Carnegie Mellon University
Computing Services  ›  Information Security Office  ›  News  ›  2019  ›  How to Handle and Report Information Security Concerns
August 28, 2019

How to Handle and Report Information Security Concerns

We know that students, staff, and faculty care about protecting their computers and mobile devices and take steps to secure them. However, no matter how securely we use technology, cybercriminals are constantly utilizing new attack methods to compromise accounts and steal personally identifiable information. This article will review how users should report security concerns here at Carnegie Mellon. Ultimately, the quicker a security concern is detected and reported, the more likely it is that the Information Security Office (ISO) can reduce the harm a cyber-attacker can cause to the university and its members.

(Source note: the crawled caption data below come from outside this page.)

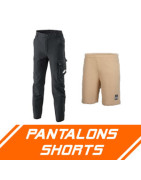 Pantalons et Shorts KTM | sportmotos.fr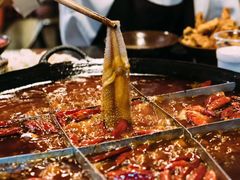 彭三老火锅-彭三老火锅(枣子岚垭正街店)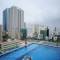 Отель Grand Sunrise Boutique Hotel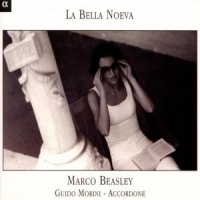 Beasley, Marco La Bella Noeva
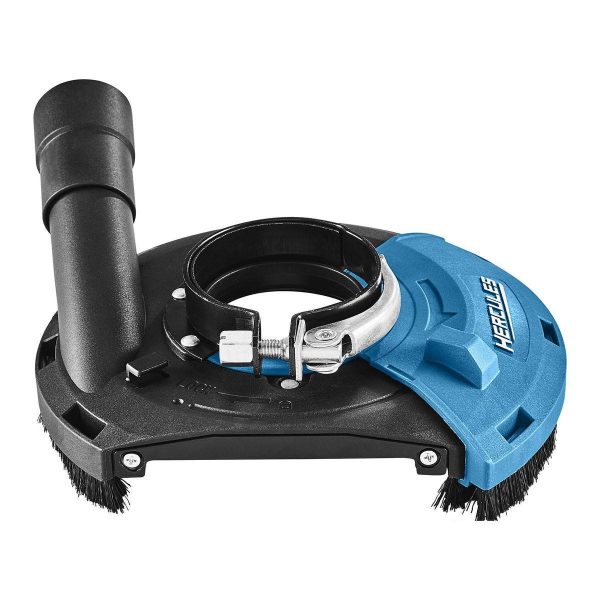 HERCULES - 7 in. Surface Grinding Dust Shroud - 58919 - Imagen 7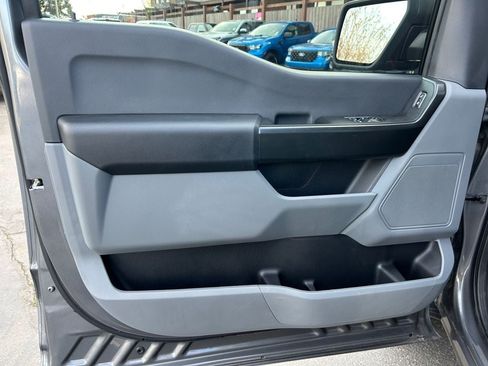 Used 2025 Ford F150 XL RWD image 22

Suspect a computer you use for University related work or study is:

  • Compromised (un-authorized interactive access)
  • Infected by viruses, worms, or other malware
  • Attacking other systems
  • Misconfigured- leading to a security vulnerability or negative impact on the University computing infrastructure

Follow the Procedure for Responding to a Compromised Computer:

  1. Disconnect the computer from the network
  2. Contact the Information Security Office at (412) 268-2044 or by email at iso-ir@andrew.cmu.edu
  3. Notify users of the computer, if any, of a temporary service interruption
  4. Preserve any log information not resident on the compromised computer
  5. Wait for further instructions from the Information Security Office

Suspect a computer used for University work or study has committed a security breach or is under attack:

Email iso-ir@andrew.cmu or call ISO at (412) 268-2044 and include:

  • Timestamps (including timezone)
  • Hostnames or IP addresses
  • Network device or service access logs
  • Contact information 

Reporting an email scam or phishing attempt:

Email iso-ir@andrew.cmu.edu or call ISO at (412) 268-2044 and include:

If you clicked on a phishing email link or attachment, follow the Procedure for Responding to a Compromised Computer.

Reporting that you may have been phished:

Follow the instructions at I Might Have Been Phished, What Do I Do?

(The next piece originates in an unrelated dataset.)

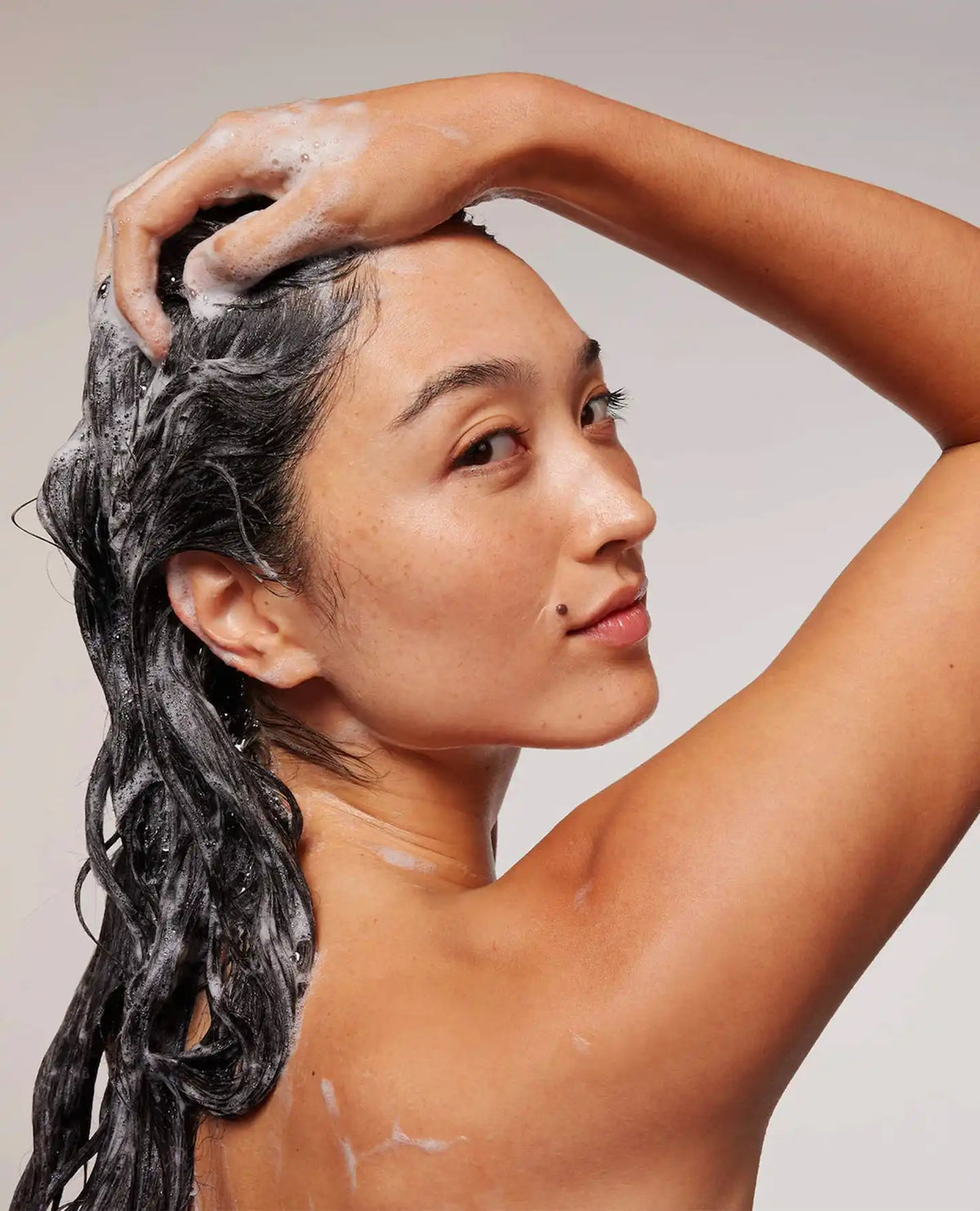 Medium Hair Shampoo - Travel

  • Move Your Hands Away from Your Keyboard
    • Some phishing links will attempt to install malicious software onto your computer which can capture your keystrokes
  • Disconnect Your Computer from the Network
  • Report the Phishing Message to the Information Security Office
  • Change Your Password from A Different Computer

Reporting unsolicited Spam messages:

If you are receiving spam email and your Spam Settings are configured, follow the appropriate steps outlined on the Spam Management webpage.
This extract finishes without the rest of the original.